There it is again, that word torment. Melville used it in describing the plight of Narcissus. Consider Narcissus and Ahab together: both obsessed; both willing to subvert the desires of those around them to their own obsessions; both reaching physically through a sort of mask; both grasping at a sort of understanding by pursuing a dumb thing (for Narcissus fails to bodily grasp his image but also fails to mentally grasp that it is a mere image and not a reasoning man); both punished (Narcissus literally) by a Nemesis for their hubris.

Starbuck’s admonition in “The Quarter Deck” seems to me to be a central lesson of Melville’s book. I hate, in a way, to look for a pat lesson, but I think it’s there. I can’t be the only person reading who has stubbed a toe only to deliver a retaliatory kick to the dumb thing I stubbed it on, making both the injury and the insult that much worse. It’s a good lesson.

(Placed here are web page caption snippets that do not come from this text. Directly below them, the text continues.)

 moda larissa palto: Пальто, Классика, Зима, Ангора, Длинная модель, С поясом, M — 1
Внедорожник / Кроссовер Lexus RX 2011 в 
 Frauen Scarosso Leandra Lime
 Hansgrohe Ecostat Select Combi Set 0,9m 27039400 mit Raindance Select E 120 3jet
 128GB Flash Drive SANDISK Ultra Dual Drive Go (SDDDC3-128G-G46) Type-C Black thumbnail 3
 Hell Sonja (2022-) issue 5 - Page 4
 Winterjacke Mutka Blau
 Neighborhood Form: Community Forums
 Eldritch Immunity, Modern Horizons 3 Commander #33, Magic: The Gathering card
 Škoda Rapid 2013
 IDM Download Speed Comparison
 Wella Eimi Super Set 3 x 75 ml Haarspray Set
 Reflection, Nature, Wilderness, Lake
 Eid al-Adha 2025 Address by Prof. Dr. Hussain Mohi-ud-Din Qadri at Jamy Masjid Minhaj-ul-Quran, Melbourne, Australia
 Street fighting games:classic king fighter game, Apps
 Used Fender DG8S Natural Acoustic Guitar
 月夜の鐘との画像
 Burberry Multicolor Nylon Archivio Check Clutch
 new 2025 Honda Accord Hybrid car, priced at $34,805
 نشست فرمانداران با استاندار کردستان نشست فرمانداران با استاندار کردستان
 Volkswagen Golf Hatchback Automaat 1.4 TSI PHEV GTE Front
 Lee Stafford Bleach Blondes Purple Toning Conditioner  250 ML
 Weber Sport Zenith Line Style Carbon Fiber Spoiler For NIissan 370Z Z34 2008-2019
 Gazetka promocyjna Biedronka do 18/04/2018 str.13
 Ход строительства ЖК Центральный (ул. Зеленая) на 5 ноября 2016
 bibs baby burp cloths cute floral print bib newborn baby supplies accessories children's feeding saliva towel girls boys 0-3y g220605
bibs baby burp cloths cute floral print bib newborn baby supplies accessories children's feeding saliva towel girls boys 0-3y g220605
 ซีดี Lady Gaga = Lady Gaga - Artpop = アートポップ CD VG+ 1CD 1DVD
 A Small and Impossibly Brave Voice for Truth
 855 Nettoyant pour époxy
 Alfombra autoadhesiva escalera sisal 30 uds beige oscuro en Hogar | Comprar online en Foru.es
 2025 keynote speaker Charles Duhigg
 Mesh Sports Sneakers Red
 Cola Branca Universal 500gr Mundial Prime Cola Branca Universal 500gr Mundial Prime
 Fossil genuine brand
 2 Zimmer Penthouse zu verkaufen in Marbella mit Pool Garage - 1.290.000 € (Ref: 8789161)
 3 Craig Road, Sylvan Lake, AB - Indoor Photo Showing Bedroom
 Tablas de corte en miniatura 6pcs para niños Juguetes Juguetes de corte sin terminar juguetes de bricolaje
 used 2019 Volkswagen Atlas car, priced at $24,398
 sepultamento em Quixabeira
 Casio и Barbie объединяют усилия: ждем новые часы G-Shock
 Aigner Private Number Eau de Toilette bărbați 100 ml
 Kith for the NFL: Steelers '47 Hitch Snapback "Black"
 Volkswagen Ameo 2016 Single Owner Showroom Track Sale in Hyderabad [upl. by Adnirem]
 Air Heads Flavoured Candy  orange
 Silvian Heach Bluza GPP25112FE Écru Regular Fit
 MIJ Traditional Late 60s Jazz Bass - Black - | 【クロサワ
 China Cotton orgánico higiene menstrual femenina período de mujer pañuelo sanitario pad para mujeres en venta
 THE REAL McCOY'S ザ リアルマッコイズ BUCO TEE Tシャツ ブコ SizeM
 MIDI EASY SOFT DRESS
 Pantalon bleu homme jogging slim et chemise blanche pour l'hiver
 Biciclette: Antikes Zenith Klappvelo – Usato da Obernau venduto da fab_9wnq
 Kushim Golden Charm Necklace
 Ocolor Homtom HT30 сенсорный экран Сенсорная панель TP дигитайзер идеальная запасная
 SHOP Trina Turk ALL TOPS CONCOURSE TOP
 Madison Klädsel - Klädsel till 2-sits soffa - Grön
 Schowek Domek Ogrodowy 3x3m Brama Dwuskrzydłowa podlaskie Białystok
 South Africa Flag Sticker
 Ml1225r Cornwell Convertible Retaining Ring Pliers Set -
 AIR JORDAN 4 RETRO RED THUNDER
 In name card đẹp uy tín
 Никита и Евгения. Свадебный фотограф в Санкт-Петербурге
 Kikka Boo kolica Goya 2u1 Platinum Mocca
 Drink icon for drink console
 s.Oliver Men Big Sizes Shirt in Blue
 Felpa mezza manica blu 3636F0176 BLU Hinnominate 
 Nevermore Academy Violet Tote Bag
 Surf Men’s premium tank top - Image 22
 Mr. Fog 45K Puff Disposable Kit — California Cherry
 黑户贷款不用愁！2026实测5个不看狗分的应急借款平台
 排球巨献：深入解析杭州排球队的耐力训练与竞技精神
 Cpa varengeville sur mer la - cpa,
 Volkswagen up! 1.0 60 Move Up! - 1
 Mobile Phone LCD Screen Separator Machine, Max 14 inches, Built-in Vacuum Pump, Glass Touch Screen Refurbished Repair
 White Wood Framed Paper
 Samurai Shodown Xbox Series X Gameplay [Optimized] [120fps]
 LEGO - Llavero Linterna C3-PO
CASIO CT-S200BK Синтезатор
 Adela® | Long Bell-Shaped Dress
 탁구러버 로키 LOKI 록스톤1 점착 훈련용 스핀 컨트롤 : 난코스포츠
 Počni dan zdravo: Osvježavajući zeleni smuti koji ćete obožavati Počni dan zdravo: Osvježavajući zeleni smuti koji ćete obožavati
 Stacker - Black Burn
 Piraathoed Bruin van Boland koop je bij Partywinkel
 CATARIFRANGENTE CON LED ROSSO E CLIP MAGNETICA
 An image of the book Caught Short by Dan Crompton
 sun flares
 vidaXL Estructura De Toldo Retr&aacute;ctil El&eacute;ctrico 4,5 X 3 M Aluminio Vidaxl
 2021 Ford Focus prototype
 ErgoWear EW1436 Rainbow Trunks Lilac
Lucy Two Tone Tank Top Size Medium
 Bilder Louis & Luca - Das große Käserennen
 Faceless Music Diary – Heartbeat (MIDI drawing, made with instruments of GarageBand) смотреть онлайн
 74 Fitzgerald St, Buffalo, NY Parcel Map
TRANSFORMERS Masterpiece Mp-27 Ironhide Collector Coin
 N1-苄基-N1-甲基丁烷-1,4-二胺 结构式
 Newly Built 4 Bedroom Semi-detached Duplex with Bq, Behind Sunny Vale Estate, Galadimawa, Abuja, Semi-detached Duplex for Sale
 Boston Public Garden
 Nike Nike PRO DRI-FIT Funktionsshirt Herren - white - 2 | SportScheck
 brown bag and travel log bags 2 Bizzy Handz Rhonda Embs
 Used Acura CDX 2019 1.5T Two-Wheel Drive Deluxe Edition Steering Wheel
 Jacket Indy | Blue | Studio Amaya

Delbanco puts it rather more philosophically in his biography of Melville (p. 173):

[Ahab] speaks to the human need for finding meaning in suffering, to what he calls the “lower layer” of consciousness from which arises the demand to know if the “inscrutable” whale is the agent of “some unknown but still reasoning thing” that has sent it on its mission or if it is a mindless beast driven by purposeless instinct. To Ahab, we are all prisoners of our metaphysical ignorance about the meaning of our suffering, and so he demands of the dubious Starbuck, “how can the prisoner reach outside except by thrusting through the wall?”

[The speech Ahab gives in answer] is delivered by a man unafraid that meaning itself may prove to be an illusion, yet who is willing to destroy himself and, indeed, his whole world in pursuit of it.”

Delbanco goes on to quote Nietzsche, who suggested that “every sufferer instinctively seeks a cause for his suffering . . . a ‘guilty’ agent who is susceptible to pain.”

I would add to Delbanco and Melville and Nietzsche a near-contemporary of Melville whose own arc as an author rather mirrored our venerable author’s. Here’s Thomas Hardy’s dreary “Hap”:

If but some vengeful god would call to me
  From up the sky, and laugh: “Thou suffering thing,
Know that thy sorrow is my ecstasy,
  That thy love’s loss is my hate’s profiting!”	

Then would I bear, and clench myself, and die,
  Steeled by the sense of ire unmerited;
Half-eased, too, that a Powerfuller than I
  Had willed and meted me the tears I shed.	

But not so. How arrives it joy lies slain,
  And why unblooms the best hope ever sown?
—Crass Casualty obstructs the sun and rain,
  And dicing Time for gladness casts a moan….
  These purblind Doomsters had as readily strown
Blisses about my pilgrimage as pain.

8 thoughts on “Meaning

  1. Greg Carlisle May 31, 2010 / 8:04 pm

    Daryl,

    Thanks for spurring on this reading. I don’t know if I’ll be able to keep up, but I just finished Ch. 16 (it’s my second reading).

  2. Daniel June 1, 2010 / 2:03 pm

    every sufferer instinctively seeks a cause for his suffering

    See, that’s why I love conspiracy theories. But that’s not what I really meant to post about. This was the point you made that really caught my attention:

    a yearning for (I think) understanding where none can in truth be found

    Not to be a Johnny One-Note, but that’s basically the soul of modernism. Think Waiting for Godot … or 2666.

  3. Jeff Anderson June 3, 2010 / 7:04 pm

    I’m glad you put this post up, Daryl. I think the almost involuntary search for meaning is a large part of the book–which makes the nautical setting so effective, because that’s one of the least known and (at the time of Melville’s writing, certainly, and even still) least knowable parts of earthly existence. (I had “terrestrial,” but that’s just exactly wrong…) I’ll definitely have more to say on this head after we’ve seen the White Whale himself later on–you probably will too–but this post is a great way to get thinking about it already, and the huge number of forms it’s already appeared in.